At least 170 people died after a week of heavy rain prompted mudslides and floods in Rio de Janeiro state. More than 50 houses were engulfed as mud and rubble poured into the Morro do Bumba favela near Rio de Janeiro. The shantytown was built on top of a disused landfill which makes it prone to landslides.
Most of the victims were swept away in landslides that roared through favelas (slums) built on steep, unstable hillsides. The tragic affects of the floods do not touch tourist areas.
With the images of the deadly mudslides and flooding in Rio de Janerio circling the globe, the Brazilian government has sought to preempt any ideas that rains risk turning the preparations or the 2014 soccer World Cup and the 2016 Olympic games themselves into debacles.
In a conference call with international reporters this week Brazilian Planning Minister Paulo Bernardo said funds were being marshaled to repair damages from the flooding in Rio and elsewhere (other Brazilian population centers have also been lashed by floods lately). In the call, Bernardo said 7 billion reais ($3.9 billion) had already been set aside for recovery of flood-stricken areas as part of the government’s pro-economic growth package.

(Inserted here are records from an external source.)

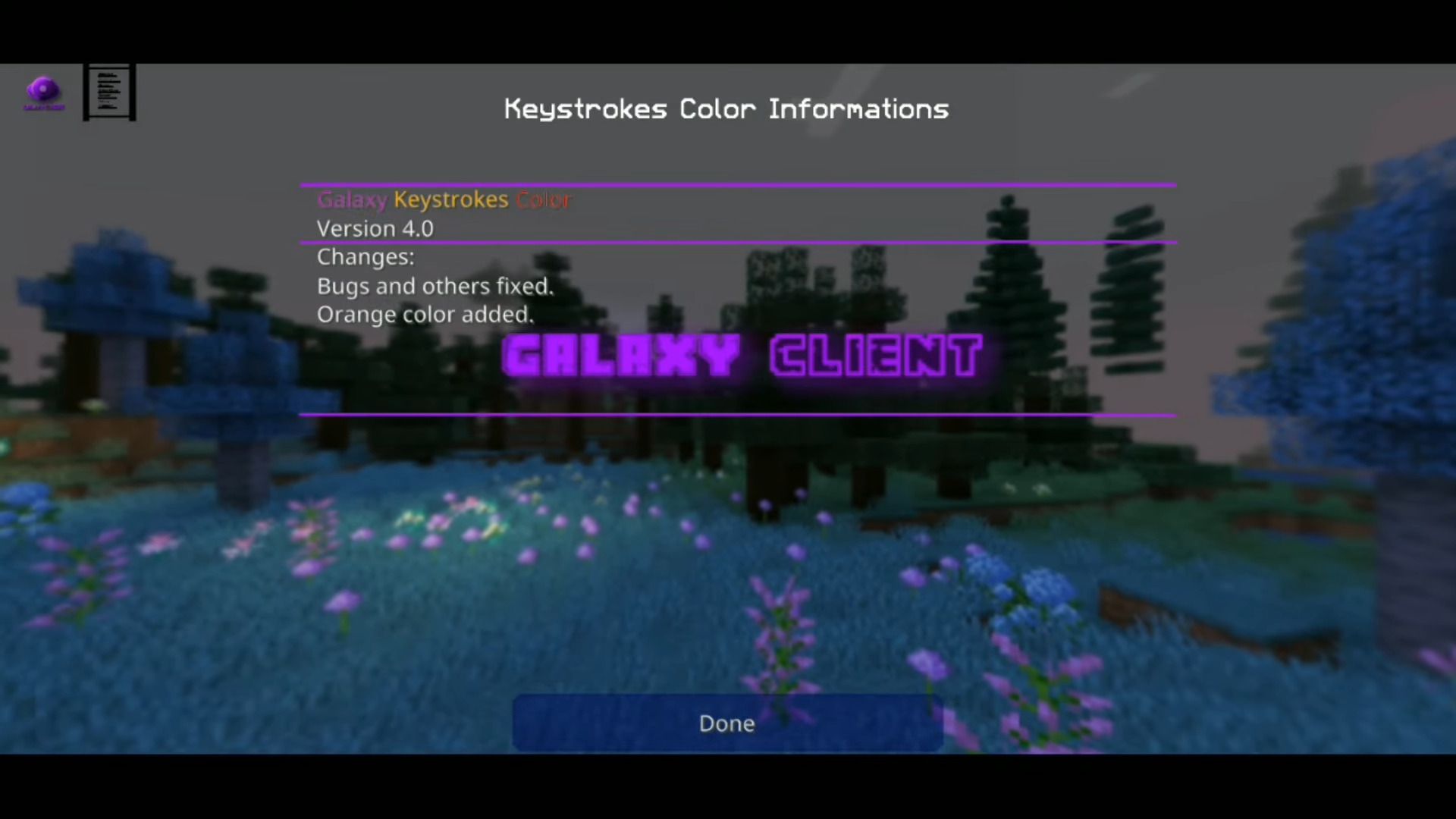 Galaxy Client (1.19) - Better UI, PvP Texture, No Lag 4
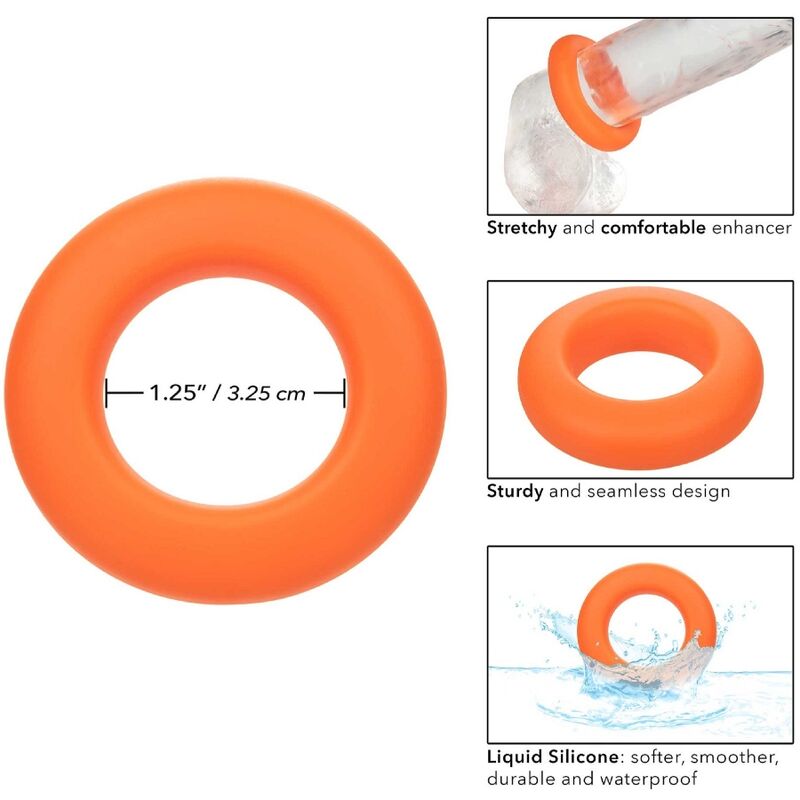 Calexotics - alpha anello grande prolong arancio-8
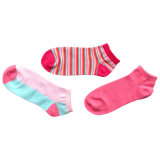 Women Ankle Fashion Cotton Socks with Color Dyeing (afc-03)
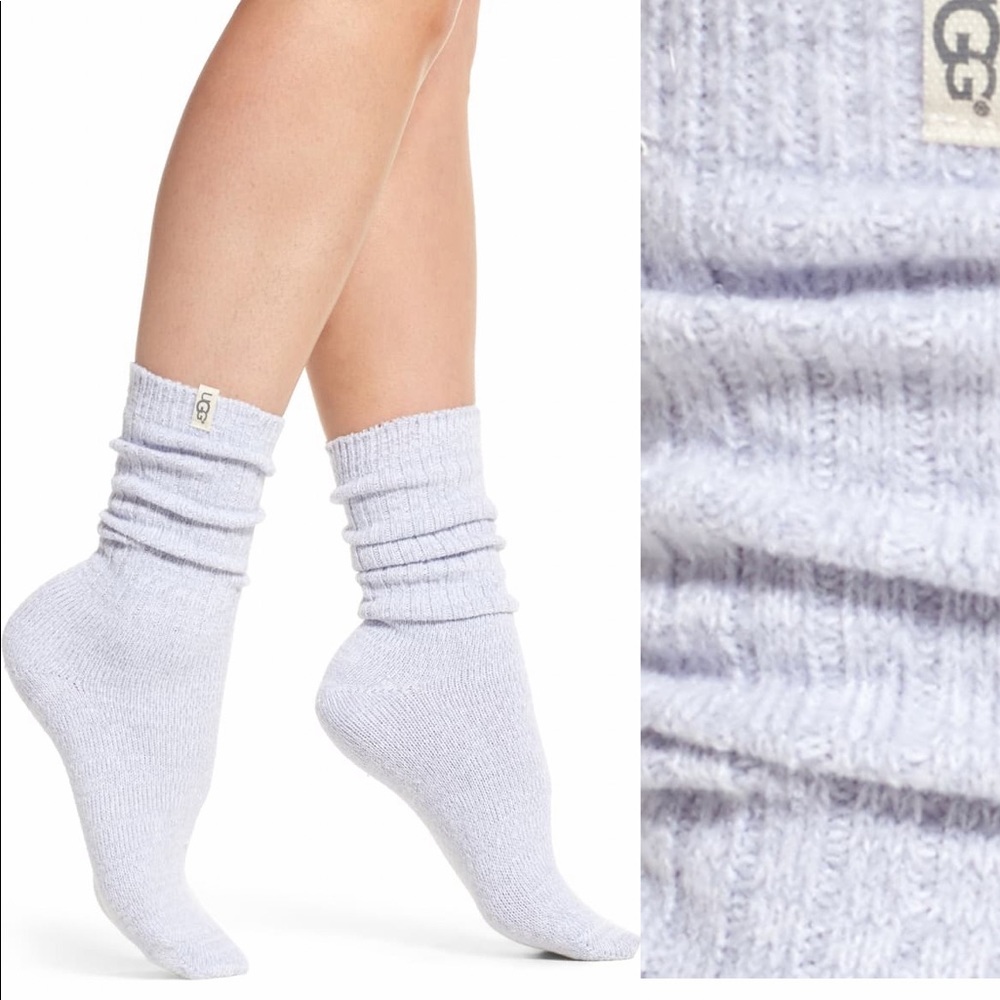 Ugg ribbed crew socks NWT
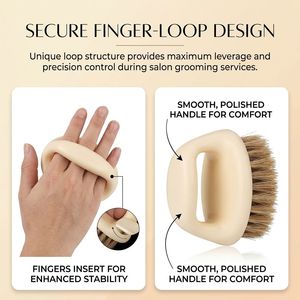 <span class=keywords><strong>Cepillo</strong></span> profesional para barba con asa <span class=keywords><strong>de</strong></span> sujeción, cerdas naturales <span class=keywords><strong>de</strong></span> jabalí, <span class=keywords><strong>cepillo</strong></span> <span class=keywords><strong>de</strong></span> limpieza para barbería, <span class=keywords><strong>cepillo</strong></span> para el cuello, herramienta para el cuidado del vello facial - Product Image 4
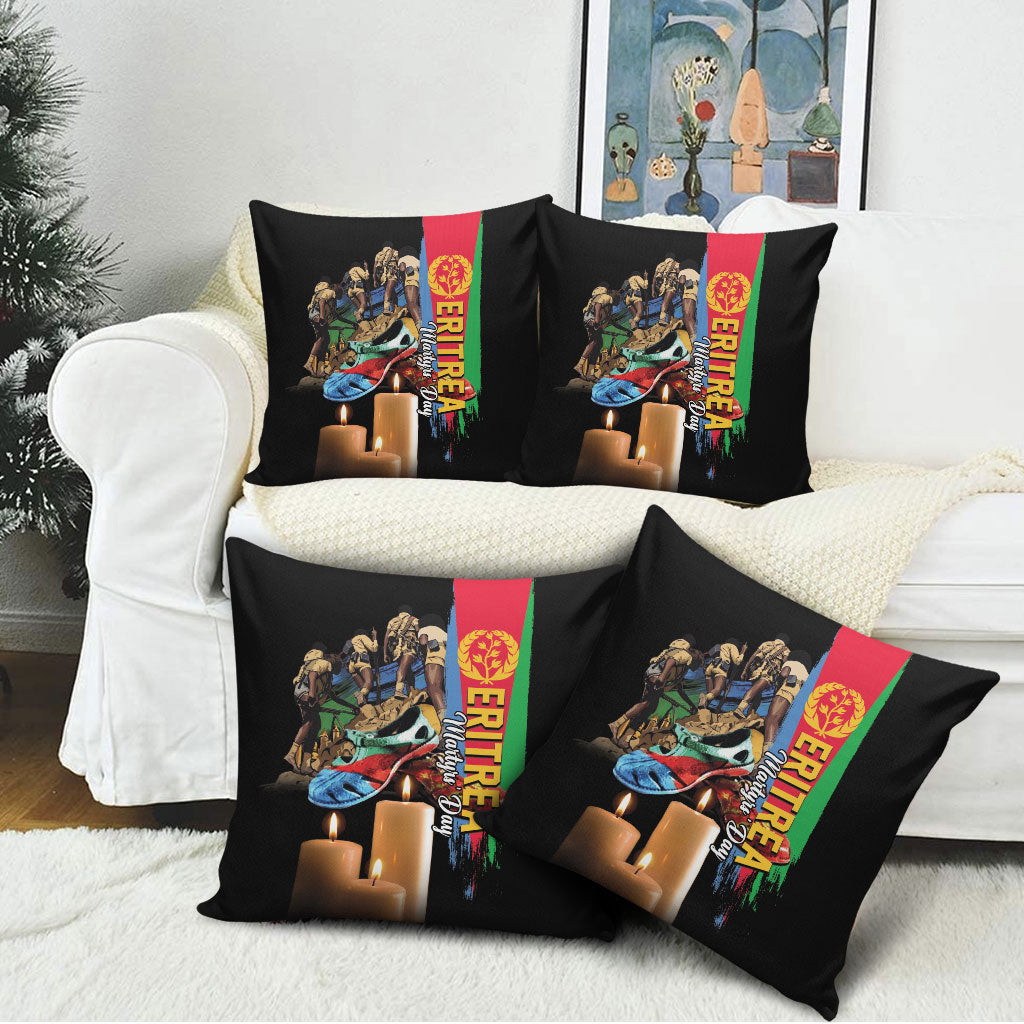 Eritrea Martyrs Day Pillow Cover Honoring the Fallen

He also said that investments will be made in sanitation, housing and infrastructure so that Rio and other cities will be better prepared for heavy rains in the future.
“So the government is not predicting—is not foreseeing any type of major hindrance or disaster in this regard because all the measures are being taken … We do not foresee any natural disasters … during the World Cup or the Olympic Games because … they will be held … outside the rain season in Rio de Janeiro particularly.”
On Thursday, the government also announced it was dispatching some $100 million in emergency funds as well as a new fleet of ambulances and medical systems to help Rio de Janeiro cope with the impact of the flooding.